La Seconde Guerre mondiale n'épargne bien entendu pas le corps préfectoral. Trente-neuf préfets et sous-préfets meurent pour la France, au cours d'opérations de combat, fusillés ou en déportation. Parmi ceux-ci, un nom se dégage jusqu'à devenir l'incarnation de la Résistance intérieure : Jean Moulin, préfet d'Eure-et-Loir en 1940 qui refusa la défaite et devint l'émissaire du général de Gaulle, l'unificateur des mouvements de Résistance et le premier président du conseil national de la Résistance. Arrêté, torturé, il paie de sa vie, le 8 juillet 1943, son engagement au service de la France sans jamais, selon le mot de Malraux, "trahir un seul secret, lui qui les savait tous".
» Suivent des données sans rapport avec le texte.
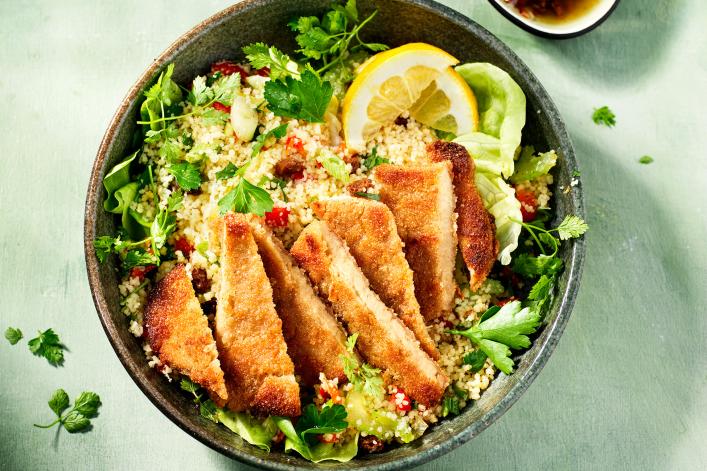 Couscous veggie and herb salad with Sensational Schnitzel Couscous veggie and herb salad with Sensational Schnitzel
Le ministère de l'intérieur veut conserver le souvenir de ces grandes figures, qui furent l'honneur de la fonction publique. Aujourd'hui, plusieurs bâtiments de l'îlot Beauvau, qui constitue le cœur du ministère, portent leur nom : Jean Moulin, Louis Dupiech, Georges Fourneret et Louis Tuaillon.

Le corps préfectoral aujourd'hui

Uniforme actuel de Préfet

Passée la IVe République et le temps de la reconstruction dans l'instabilité, c'est la Ve République qui consacre l'importance prise par le corps préfectoral dans la vie politico-administrative de la France. En 1958, le préfet devient en effet le seul haut fonctionnaire de l'Etat dont le rôle et l'existence sont définis par la Constitution. Aux termes de son article 72, "Dans les collectivités territoriales de la République, le représentant de l'État, représentant de chacun des membres du Gouvernement, a la charge des intérêts nationaux, du contrôle administratif et du respect des lois".

A ce titre, les préfets sont responsables de la mise en œuvre de l'ensemble des politiques publiques. Ils incarnent ainsi la permanence et la présence de l’État sur tout le territoire et en toutes circonstances, garants de l'intérêt général et des grands principes du service public. Autant de valeurs illustrées jusqu'au sacrifice de sa vie par le préfet de Corse Claude Erignac, assassiné le 6 février 1998.

Symbole de permanence et de continuité de l'action publique, la fonction préfectorale est également en perpétuelle évolution, dans ses missions comme dans sa composition, dont la féminisation s'accroît d'année en année. C'est en 1974 que fut nommée la première sous-préfète de France, Florence Hugodot, suivie en 1981 par la première préfète, Yvette Chassagne. Au 1er février 2013, dix-huit préfètes et près d'une centaine de sous-préfètes sont en poste dans les départements.